After receiving a volume of Sermons by the Rev. William Harness, she writes:—
“It is a very able and conciliatory plea for the Church. My opinion (if an insignificant woman may presume to give one) is that certain reforms ought to be; that very gross cases of pluralities should be abolished ... that some few of the clergy are too rich, and that a great many are too poor. But although not holding all her doctrines, I heartily agree with you that, as an establishment, the Church ought to remain; for to say nothing of the frightful precedent of sweeping away property, which would not stop there, the country would be overrun with fanatics.... But the Church must be (as many of her members are) wisely tolerant. Bishops must not wage war with theatres, nor rectors with a Sunday evening game of cricket.”
Happily reforms in such matters were soon to be brought forward by Charles Kingsley and many others. Charles Kingsley, when he was made Rector of Eversley, was a neighbour of Miss Mitford’s and became in time her fast friend.
During the year 1842 Dr. Mitford’s health rapidly declined and his devoted daughter was nearly worn out by her constant attendance upon him. He had a strange notion which he held pertinaciously that all outdoor exercise was bad for her, while, in fact, her short strolls in her garden or in the neighbouring fields was the only change that could keep her from breaking down. When after some hours spent in weary watching she had seen her father fall asleep, she would steal out of the house with Dash for a companion for a scamper round the meadows. “How grateful I am,” she writes at this time, “to that great gracious Providence who makes the most intense enjoyment the cheapest and the commonest.”
Dr. Mitford died on the 11th day of December. He was buried by his wife in Shinfield Church, being followed by an imposing procession of neighbours and friends. We cannot help thinking that this was more to show sympathy and respect for Miss Mitford than from special respect to him.
That she loved her father dearly in spite of all his faults is very certain, and that she was not blind to these faults is also certain. But she looked upon them at all times very much in the same way as she did when a young girl on hearing of his money losses. “Poor Papa!” she would exclaim, “I am so sorry for him, I wish he would deal with honest people.”

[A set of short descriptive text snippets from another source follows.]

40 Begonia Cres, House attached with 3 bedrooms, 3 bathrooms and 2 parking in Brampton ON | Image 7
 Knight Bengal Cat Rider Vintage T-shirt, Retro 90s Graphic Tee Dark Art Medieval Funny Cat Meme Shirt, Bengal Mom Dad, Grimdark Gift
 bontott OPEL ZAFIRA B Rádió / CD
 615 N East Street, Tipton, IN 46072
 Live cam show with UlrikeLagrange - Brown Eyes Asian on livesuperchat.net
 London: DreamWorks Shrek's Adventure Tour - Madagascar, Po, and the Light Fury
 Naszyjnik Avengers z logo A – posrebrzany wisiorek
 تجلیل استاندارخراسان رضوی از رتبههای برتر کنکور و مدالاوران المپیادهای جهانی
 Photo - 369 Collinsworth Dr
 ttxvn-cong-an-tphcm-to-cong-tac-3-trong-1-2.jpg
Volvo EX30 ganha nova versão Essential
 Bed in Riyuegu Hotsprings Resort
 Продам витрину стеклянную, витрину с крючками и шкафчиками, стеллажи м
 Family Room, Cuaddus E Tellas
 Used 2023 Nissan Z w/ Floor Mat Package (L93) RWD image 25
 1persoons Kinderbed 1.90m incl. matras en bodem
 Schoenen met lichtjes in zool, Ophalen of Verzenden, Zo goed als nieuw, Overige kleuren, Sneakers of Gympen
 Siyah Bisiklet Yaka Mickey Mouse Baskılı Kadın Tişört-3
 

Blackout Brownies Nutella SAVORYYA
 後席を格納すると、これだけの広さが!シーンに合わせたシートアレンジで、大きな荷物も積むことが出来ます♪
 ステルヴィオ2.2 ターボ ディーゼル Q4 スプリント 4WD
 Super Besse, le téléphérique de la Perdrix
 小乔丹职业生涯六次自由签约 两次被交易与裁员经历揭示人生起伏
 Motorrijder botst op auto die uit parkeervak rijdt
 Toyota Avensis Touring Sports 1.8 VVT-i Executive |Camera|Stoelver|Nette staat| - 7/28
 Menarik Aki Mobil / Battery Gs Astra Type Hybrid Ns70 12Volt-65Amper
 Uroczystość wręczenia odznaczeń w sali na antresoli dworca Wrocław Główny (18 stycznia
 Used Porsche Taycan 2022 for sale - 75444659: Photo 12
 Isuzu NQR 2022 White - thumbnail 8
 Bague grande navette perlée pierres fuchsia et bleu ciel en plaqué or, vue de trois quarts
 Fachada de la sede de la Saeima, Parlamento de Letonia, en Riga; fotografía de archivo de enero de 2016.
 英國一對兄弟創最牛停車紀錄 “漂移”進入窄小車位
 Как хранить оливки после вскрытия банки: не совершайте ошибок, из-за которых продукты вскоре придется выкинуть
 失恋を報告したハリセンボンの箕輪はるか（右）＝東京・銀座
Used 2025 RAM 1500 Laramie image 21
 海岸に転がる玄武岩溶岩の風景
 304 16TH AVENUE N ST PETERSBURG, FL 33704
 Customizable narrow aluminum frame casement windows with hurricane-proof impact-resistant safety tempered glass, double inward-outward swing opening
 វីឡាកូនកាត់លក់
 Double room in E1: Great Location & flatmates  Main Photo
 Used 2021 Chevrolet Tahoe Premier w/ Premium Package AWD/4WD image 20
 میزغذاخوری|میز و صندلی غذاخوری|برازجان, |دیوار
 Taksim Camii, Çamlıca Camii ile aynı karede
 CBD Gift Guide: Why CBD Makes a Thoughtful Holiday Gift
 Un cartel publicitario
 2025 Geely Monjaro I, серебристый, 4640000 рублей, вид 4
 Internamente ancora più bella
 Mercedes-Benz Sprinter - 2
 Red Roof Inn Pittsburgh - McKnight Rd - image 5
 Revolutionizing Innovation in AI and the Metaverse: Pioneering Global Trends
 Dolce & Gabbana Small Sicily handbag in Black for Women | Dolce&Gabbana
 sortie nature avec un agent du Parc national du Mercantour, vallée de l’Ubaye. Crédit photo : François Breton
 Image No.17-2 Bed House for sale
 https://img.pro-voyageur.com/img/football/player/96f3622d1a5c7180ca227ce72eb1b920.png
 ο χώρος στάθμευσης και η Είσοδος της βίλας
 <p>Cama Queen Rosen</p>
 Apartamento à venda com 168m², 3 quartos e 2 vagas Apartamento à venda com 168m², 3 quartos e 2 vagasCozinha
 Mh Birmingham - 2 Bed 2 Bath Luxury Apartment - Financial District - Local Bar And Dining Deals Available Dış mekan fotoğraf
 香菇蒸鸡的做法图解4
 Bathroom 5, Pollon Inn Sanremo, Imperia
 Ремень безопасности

A beautiful expression of a dying mother to her children has been handed down in our family, “Cover each other’s faults,” she said, “with a mantle of love.” Miss Mitford did this and perhaps sometimes unwisely, but her life was the happier for it. She never knew the misery of condemning the conduct of her father.
“But her father was not the only person whom Miss Mitford egregiously overestimated, and unconsciously flattered,” writes Mrs. Tindal. “She looked upon her friends through rose-coloured spectacles, she exaggerated their good gifts and multiplied their graces; she hoped and believed great things of them.”
Dr. Mitford had continued to squander the small means of the household to the last, and so powerless was his daughter to prevent this (without giving him great pain) that she remarks in a letter to one with whom she was intimate: “I have to provide for expenses over which I have no more control than my own dog Dash.”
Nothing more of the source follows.